5 Go-to-Market Lessons from Verdant Robotics’ Journey to Product-Market Fit
Technical founders often believe groundbreaking technology will sell itself. But Verdant Robotics’ journey from academic robotics to agricultural technology reveals a different story. In a recent episode of Category Visionaries, founder Gabe Sibley shared critical lessons about building and scaling deep-tech products. Here are the key insights that shaped their go-to-market success:
- Intensive Customer Discovery Beats Perfect Technology
The conventional playbook for technical founders often prioritizes product development over customer engagement. Verdant Robotics flipped this approach, spending their first six months in deep customer discovery. As Gabe explains: “We spent the first six months of this business on the road listening to growers… It was a two way dialogue. I was trying to peek people’s imagination around what was technically possible, but at the same time, really listening to try and understand what are the problems that you actually face.”

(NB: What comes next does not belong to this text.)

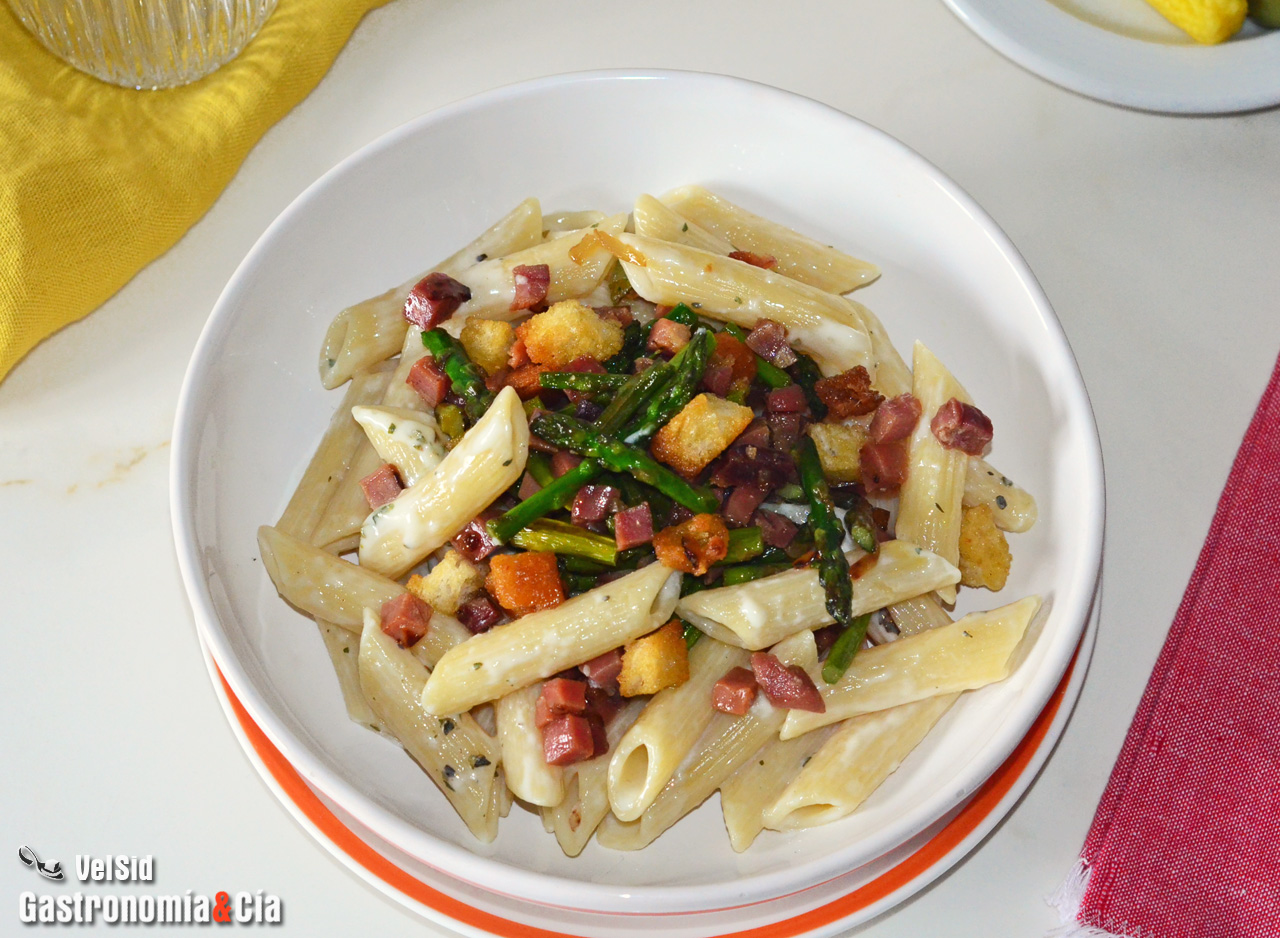 Macarrones con espárragos y jamón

This intensive customer development led to crucial insights about market opportunities. According to Gabe: “There was a number of aha moments where we recognized, hey, we’re sort of uniquely well suited to do that. Technically, it’s a very defensible play for us to do that, and a lot of value for the grower if we can pull it off.”
- Challenge Market Assumptions
Many technical founders make assumptions about their target market’s sophistication or willingness to adopt new technology. Verdant discovered these assumptions often prove false. As Gabe emphasizes: “Growers are totally switched on businessmen, right? Like they run very complicated businesses. I’ve never seen a business that’s more econ 101 in terms of supply and demand and the quickness that these guys have to act.”
- Let Customer Preference Drive Business Model
While many founders stick rigidly to their initial business model, Verdant demonstrated the value of flexibility. Their original plan to offer their technology as a service shifted when customers expressed different preferences. Gabe recalls: “I think we wanted to run it as a service and as a service that looks really good, and the growers want it as something they can buy.” Their willingness to adapt proved crucial: “If the customer wants it like x, you say okay… ultimately the value is there and how you get that in the hands of the growers almost doesn’t matter.”
- Build Complementary Founding Teams
Technical founders often partner with other technical co-founders. However, Verdant’s success stemmed from combining technical expertise with deep industry knowledge. Gabe advises: “Go into business with somebody that knows the market deeply and is respected in the market that you want to be in. I don’t know how you would do it otherwise.”
- Align Investor Relationships with Long-term Vision
Many technical founders view investor relationships as necessarily adversarial. Gabe challenges this perspective: “I see a lot of advice for founders that’s adversarial to investors and to your board. I think that’s kind of crazy, actually. If you really think about it, your interests are totally aligned. You just want to succeed.”
His advice focuses on finding truly aligned partners: “If you do your job as a Founder and you find investors that are really aligned with you that really can help you have connections and relationships that can help you… might as well do it with people that you like working with.”
The central theme across these lessons is clear: technical excellence alone doesn’t guarantee market success. Verdant’s most actionable advice for technical founders emphasizes rapid market engagement: “Get out early and sell it as early as you can so you can get some scar tissue. Just start getting scar tissue from your customer fast as you possibly can.”
This approach of combining deep technical expertise with intensive customer development, flexible business models, and strategic partnerships offers a blueprint for technical founders looking to build successful deep-tech companies. The key is not just building revolutionary technology, but ensuring it solves real market problems in ways that align with customer preferences and business realities.